Le capitalisme fait-il le bonheur de l'homme (américain)? A l'approche de l'élection présidentielle qui aura lieu en novembre prochain, les éditorialistes s'affrontent autour de cette question... Dans le Wall Street Journal, les supporters du candidat républicain et ancien dirigeant du fonds d’investissement Bain Capital, Mitt Romney, veulent redonner au capitalisme américain ses lettres de noblesse. A l’image du libertarien Charles Murray, grand pourfendeur de l’Etat providence et membre du think tank néoconservateur American Enterprise institute.
«Le capitalisme a sorti le monde de la pauvreté parce qu’il donne aux gens la chance de devenir riche en créant de la valeur et en en récupérant les bénéfices. Quel meilleur président pourrait-on choisir pour la plus grande nation capitaliste qu’un homme qui est devenu riche en étant un brillant capitaliste?»
Mitt Romney, bien sûr.

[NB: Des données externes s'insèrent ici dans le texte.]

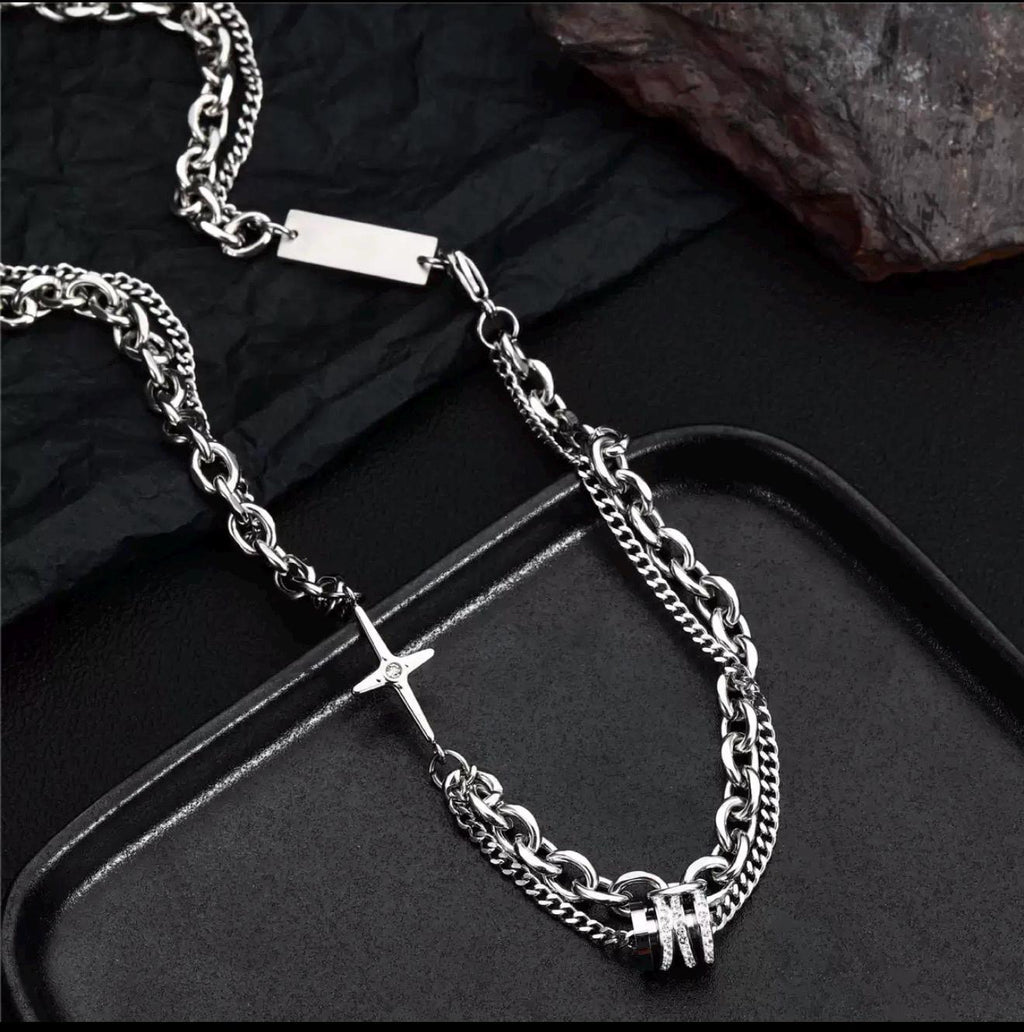 Men’s Double Cross & Lucky Bead Necklace | Titanium Steel | Samvee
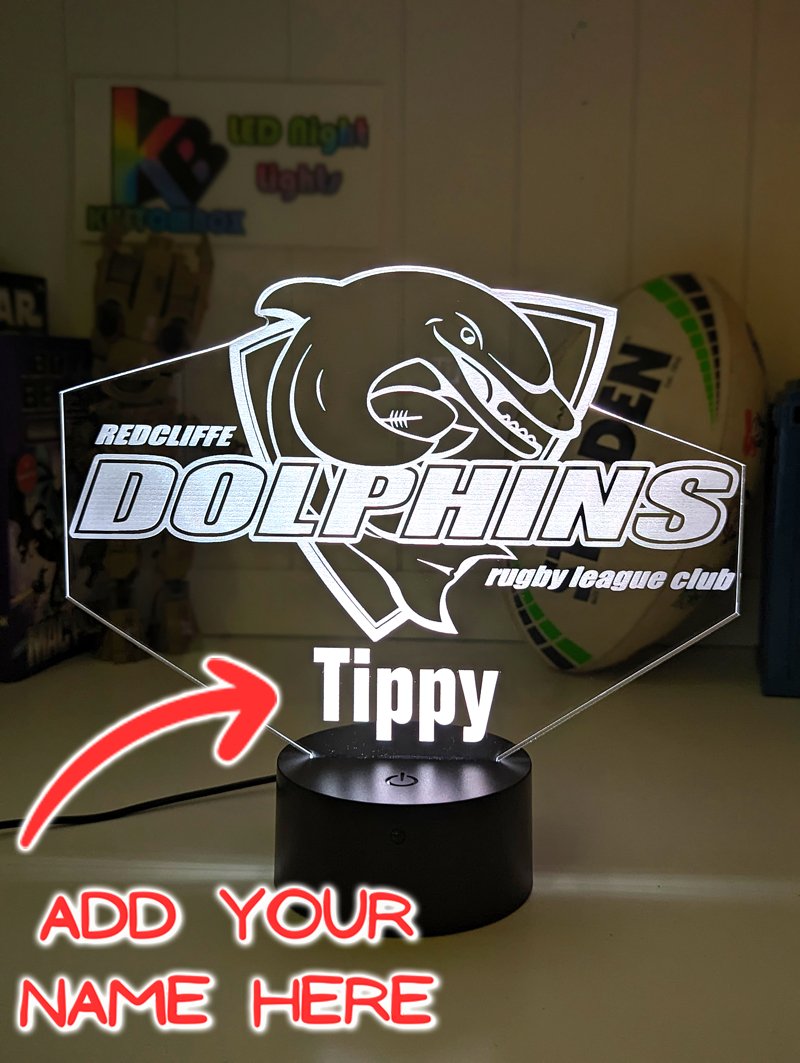 Custom Redcliffe Dolphins Rugby League team LED lamp with engraved name, multi-colour lighting for rugby league fans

Et pourtant, écrit Murray, le capitalisme n’a plus vraiment la cote ces derniers temps. La faute à la «collusion» entre les dirigeants et l’Etat, dont les réglementations et les subventions nuisent à la libre entreprise. Mais surtout à l’image du capitalisme financier dans l’opinion.
«Les Américains ont toujours applaudi ceux qui sont devenus riches en créant des produits et des services que les gens voulaient acheter. C’est pourquoi Thomas Edison et Henry Ford étaient des héros américains cent ans plus tôt, de même que Steve Jobs quand il est mort l’année dernière.»
Or ce n’est plus le cas pour les géants de la finance, accusés de s’enrichir rapidement sans créer d’utilité publique, l’opinion ne voyant pas les bienfaits de cette forme de capitalisme, regrette l’éditorialiste. Pire, écrit Murray, les capitalistes sont désormais des gens de gauche, surtout dans les secteurs les plus visibles comme la high-tech, le divertissement et les médias, qui ne sont pas à l'aise avec l’idée du capitalisme ou ne se sentent pas proches de son idéologie.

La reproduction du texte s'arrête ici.